The challenge with keeping lawns green and happy during the winter months is that so many Australians seed grasses which are designed to stand up to our hot summers. This keeps the majority of yards green and lush in the warmer months. Yet, as the seasons change, these warm season grasses fall into a state of partial hibernation and delayed growth. The result? Dull, unattractive lawns with thin patches that just won’t rally. When the growing season comes around again, your lawn still may not recover. That is, not unless it’s properly taken care of through the winter.
If you’ve waited until now to begin preparing your lawn for winter, you’re in for an unpleasant surprise. The real secret to a gorgeous winter lawn is to start putting extra work back in autumn. After winter arrives, the cold weather will prevent your lawn from returning to top health. Your grass has to be in good shape well before winter if you want it to flourish. A weakened lawn won’t have the chance to recover during the cold season, and may die out.
Your first treatment of winter-specific fertiliser must be applied prior to winter setting in, by May at the latest. Although the method of applying fertiliser is the same in the winter as it is in summer, the fertiliser itself must compensate for the season. Winter fertilisers contain more iron, which helps lawns retain their strength during the long season.

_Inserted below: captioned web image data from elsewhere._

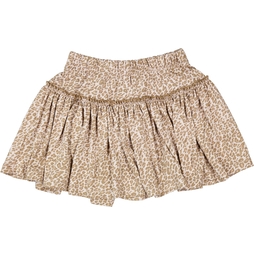 MarMar Sylvia Leo skirt - Khaki leo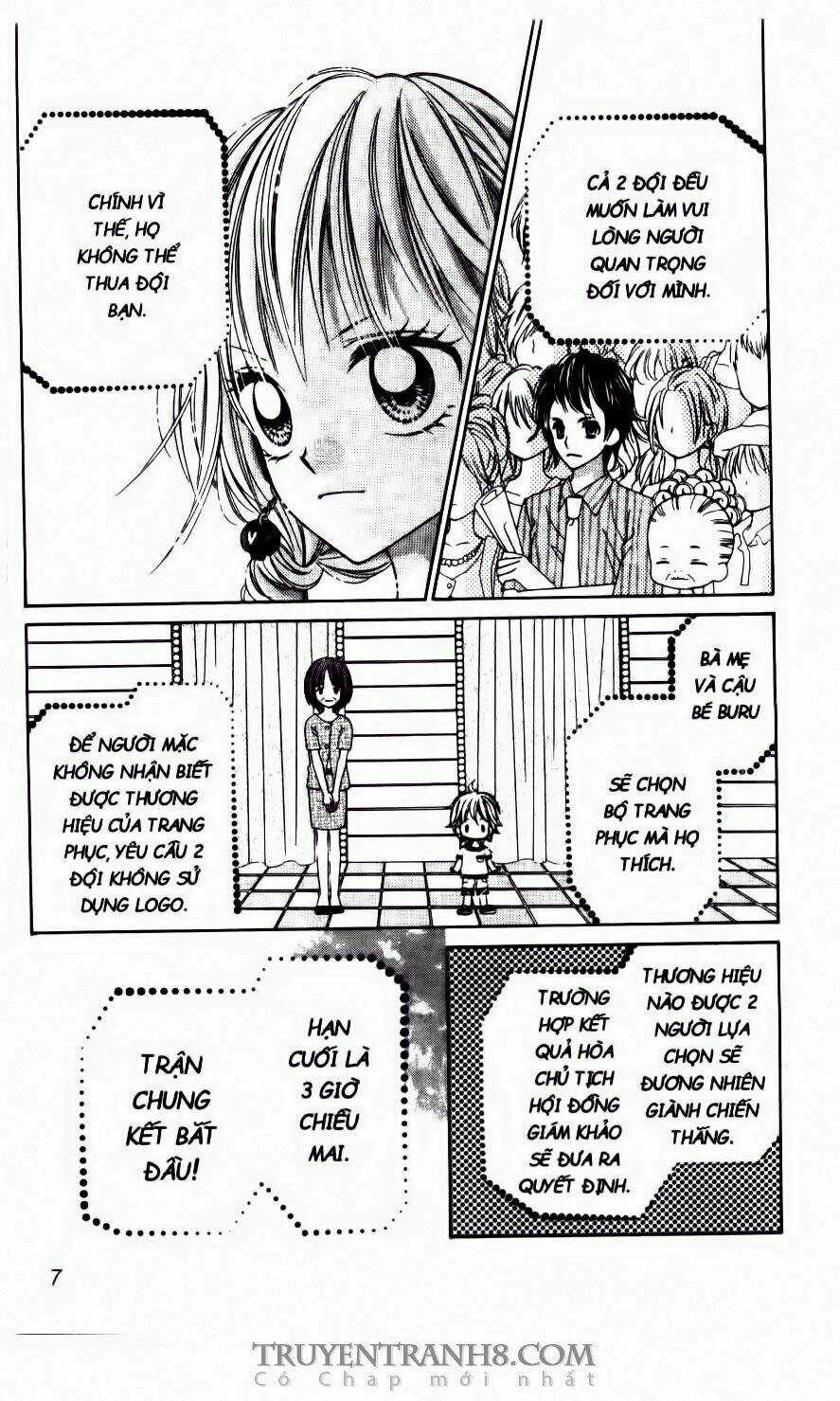 Love Cotton!!! - Chapter 25 - Trang 5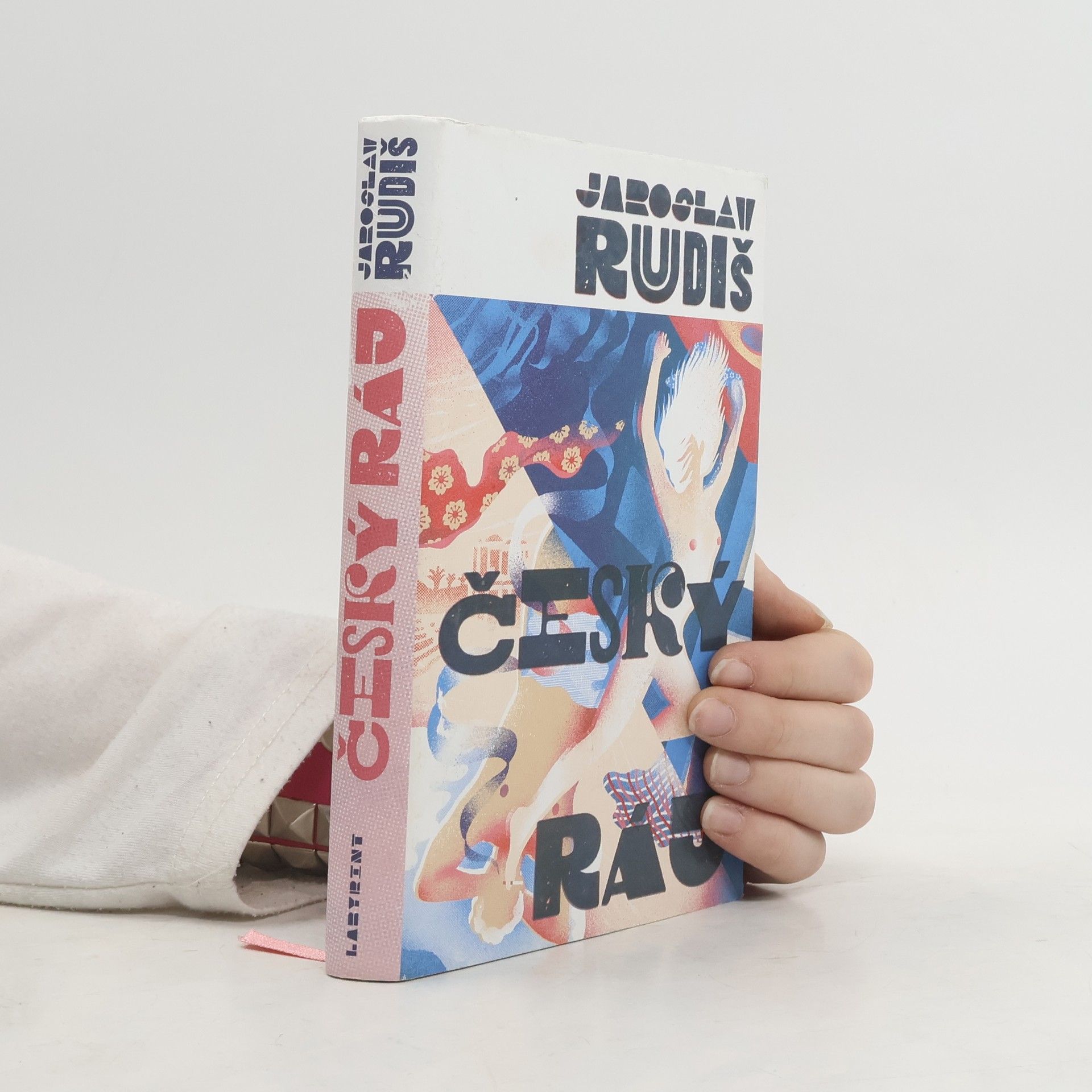 Jaroslav Rudiš Český ráj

One treatment of fertiliser won’t be enough, however. The second application should be scheduled to follow about two months after the initial treatment. July is a good time to refresh your lawn with the much-needed nutrients which are packed into your winter fertiliser. Ideally, you should already be maintaining a regular fertilising schedule for your lawn throughout the year. If this is the case, just be sure to change fertiliser types over to a winter fertiliser and continue your normal routine.
Aerating and Acidity
Roughly two weeks before you fertilise, double check the acidity of your soil. Many fertilisers are acid, so you may have to take extra steps to return the soil closer to neutral. Dolomite lime is one solution for adjusting your pH. It should be added to your soil about two weeks before you plan to fertilise.
In addition to checking your pH, you should also make sure that all the necessary nutrients and moisture are able to get down to the roots of your lawn where they’re most needed. Winter is a good time for lawn aeration. A garden fork should be inserted approximately every 15 centimetres across the entire area of your lawn to ensure even aeration. Depending on how cold it is, you may have to put a good amount of energy into breaking the ground up enough to be effective.
Without the warm weather which encourages growth, most grasses will lose their colour and have trouble recovering from any damage. This leaves lawns particularly vulnerable during the winter months, as the grass lacks enough energy or nutrients to repair itself or stay in good health.
Making sure your grass is suited to cooler weather, changing your fertiliser, and maintaining proper pH balance and aeration are the bare minimum required for you to keep up a green, healthy-looking lawn during the winter.
Alternatively, you may consider a lower-maintenance option which will stay green with no extra effort on your part: invest in an artificial lawn. With nothing to mow, weed, fertilise or aerate, synthetic grass can bring beauty to your yard no matter the season.